ARUP's Laboratory Test Directory

0051004: Ehrlichia chaffeensis Antibody, IgG by IFA

Test Mnemonic: E CH G
Methodology: Indirect Fluorescent Antibody

Performed: Tue, Fri

Reported: 1-5 days

Specimen Required:  
Collect: One 4 mL SST. 

Transport: 1 mL serum at 2-8°C. (Min: 0.5 mL)  Submit specimen in an ARUP Standard Transport Tube.

Pediatric Collection/Transport: 0.15 mL serum at 2-8°C.

Remarks: Separate serum from cells ASAP.  Acute and convalescent specimens must be labeled as such; parallel testing is preferred and convalescent specimens must be received within 30 days from receipt of the acute specimens.  Please mark specimen plainly as "acute" or "convalescent."

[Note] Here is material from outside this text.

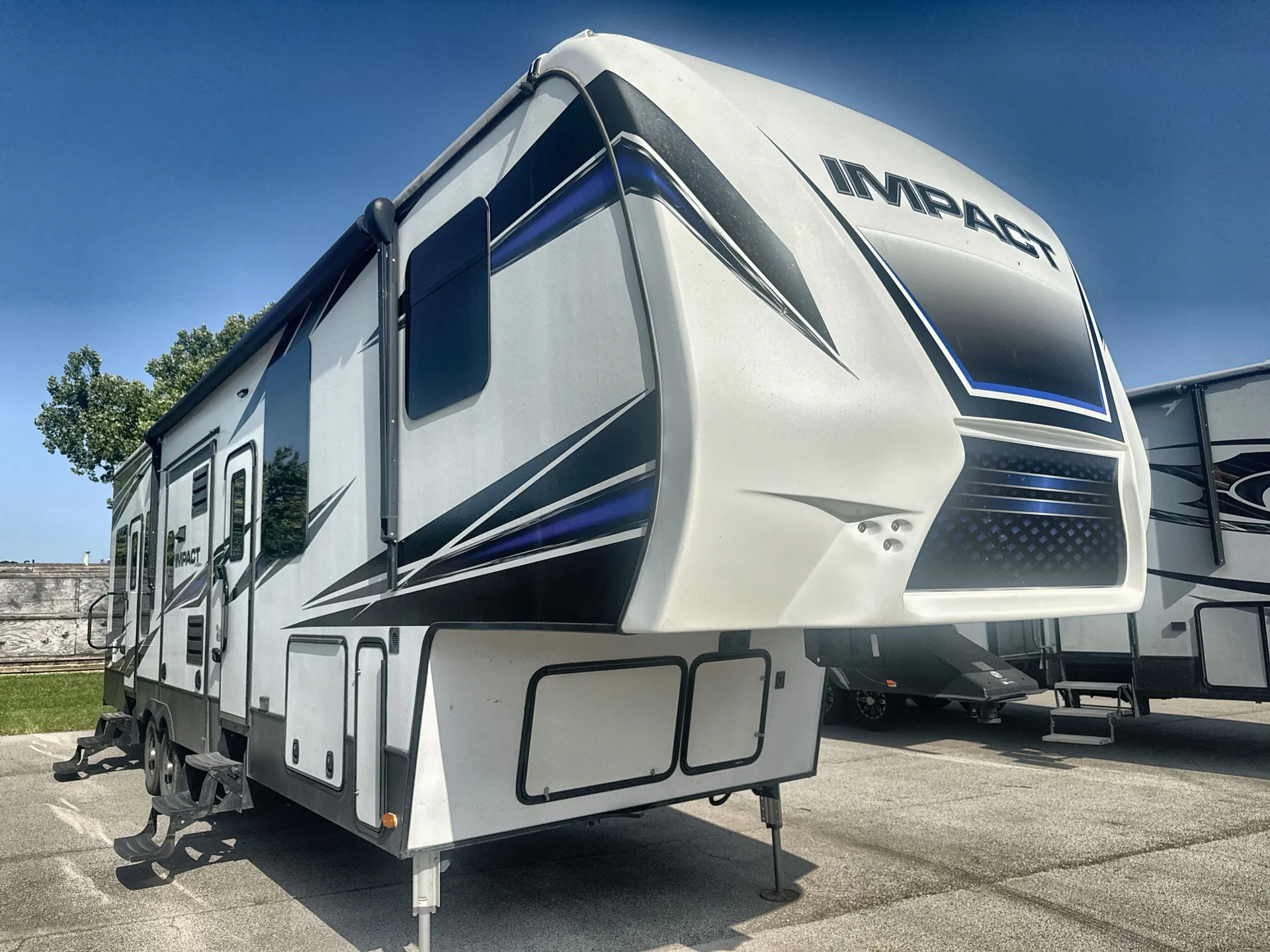 2018 Keystone Impact 341 - Main photo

Unacceptable Conditions: Severely lipemic, contaminated, or hemolyzed specimens.

Stability: After separation from cells: Ambient: 2 days; Refrigerated: 2 weeks; Frozen: 1 year (avoid repeated freeze/thaw cycles)

Reference Interval:
< 1:64  Negative-No significant level of Ehrlichia chaffeensis IgG antibody detected.
1:64-1:128  Equivocal-Questionable presence of Ehrlichia chaffeensis IgG antibody detected.  Repeat testing in 10-14 days may be helpful.
³1:256  Positive-Presence of IgG antibody to Ehrlichia chaffeensis detected, suggestive of current or past infection.

Interpretive Data:
Seroconversion between acute and convalescent sera is considered strong evidence of recent infection. The best evidence for infection is a significant change (fourfold difference in titer) on two appropriately timed specimens, where both tests are done in the same laboratory at the same time.

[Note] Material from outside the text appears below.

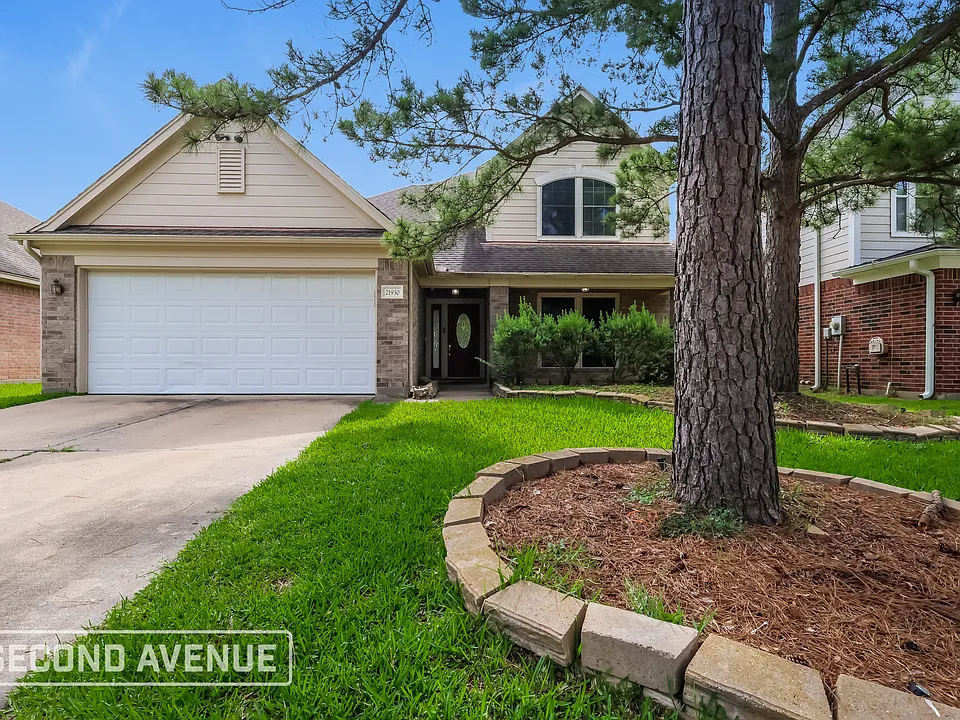 21930 Golden Cedar Dr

Please refer to Statement A in the Compliance Statements section in the front of the Laboratory Test Directory.



Note:
Human ehrlichiosis is a tick-borne disease caused by rickettsial-like agents. Two forms, human monocytic ehrlichiosis (HME) and human granulocytic ehrlichiosis (HGE), have been described. HME is often referred to as "spotless" or rashless Rocky Mountain spotted fever, and has been reported in various regions of the United States. The causative agent of HME has been identified as Ehrlichia chaffeensis. Infected individuals produce specific antibodies to Ehrlichia chaffeensis which can be detected by an immunofluorescent antibody (IFA) test.